Dus maandag weer rustig begonnen, koffie gedronken en om 10.00 uur vertrokken naar Middelharnis en daar de helling genomen. Eerst de taludjes en diepten daar uitgevist maar ook andere boten waren zonder vis dus we hielden het Haringvliet voor gezien en voeren in één keer het Spui op richting Oude Maas.
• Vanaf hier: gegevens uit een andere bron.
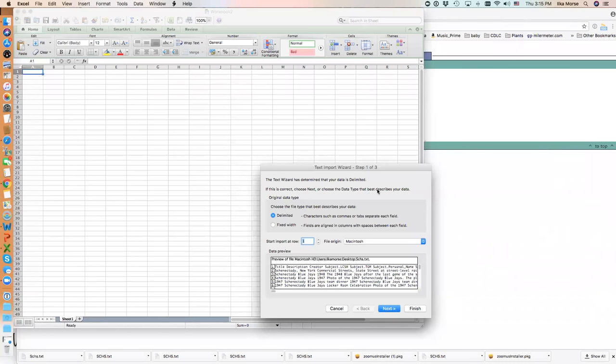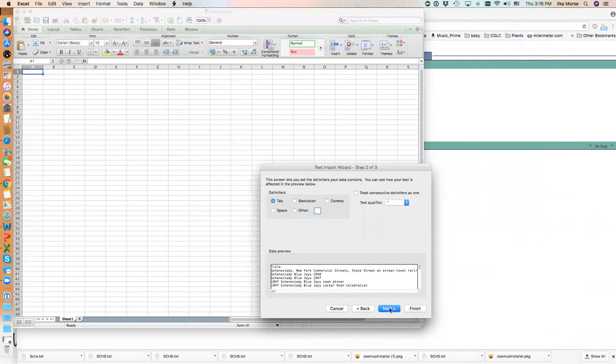The text import wizard is asking me what kind of file I'm bringing in. I'm bringing in a tab-delimited file, so that's what I've selected. I want to start the import at row one. It's telling me I'm on a Macintosh, and I'm going to click Next.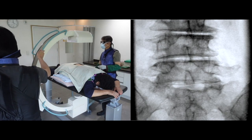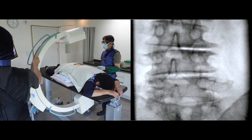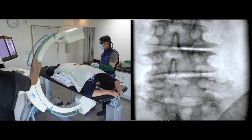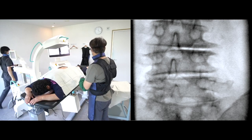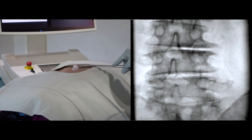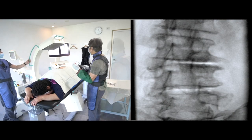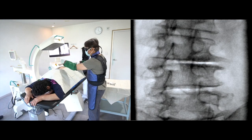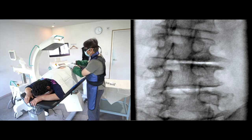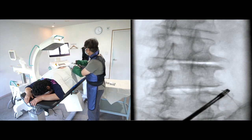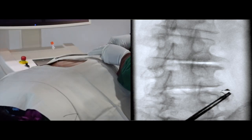I will start from the C-arm AP view. Let me turn the C-arm to the right ipsilateral oblique view. Let me clean the surgical site once more. Before facet joint injection, I'll administer steroids into the L4 infraneural space. I will introduce the needle very carefully.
En warempel, ik ben nog de boot goed aan het leggen in de stroming die er is en Joop heeft er al twee in het mandje liggen. Zouden we ze hebben gevonden, zou zo maar kunnen natuurlijk. Maar de stroom is er bijna uit op de Oude maas en we liggen bijna stil op de stek. Uniek natuurlijk en eigenlijk wil je dit niet mee maken. Normaliter binnen een kwartier moet je tegenoverliggend driften en dat gaat dan steeds sneller naarmate de stroom sterker wordt. Ook vorige week waren dan de aanbeten beduidend minder omdat gelijk het water bruin werd van vuil en alg. Ik was nogal blij zachtjes uitgedrukt dat het zoveel regende maar dat is vandaag niet te merken op de Omaas. Jammer. Wat we ook proberen, zelf driften, drop shotten dat gaat nu natuurlijk voortreffelijk. Je voelt alles behalve natuurlijk een aanbeet. Alle kleuren van sjets en vooral van staarten. Maar niets helpt. We gaan nog naar wat andere stekken maar liggen ook daar natuurlijk stil. Alleen de regen geeft af en toe van rette je ketetje.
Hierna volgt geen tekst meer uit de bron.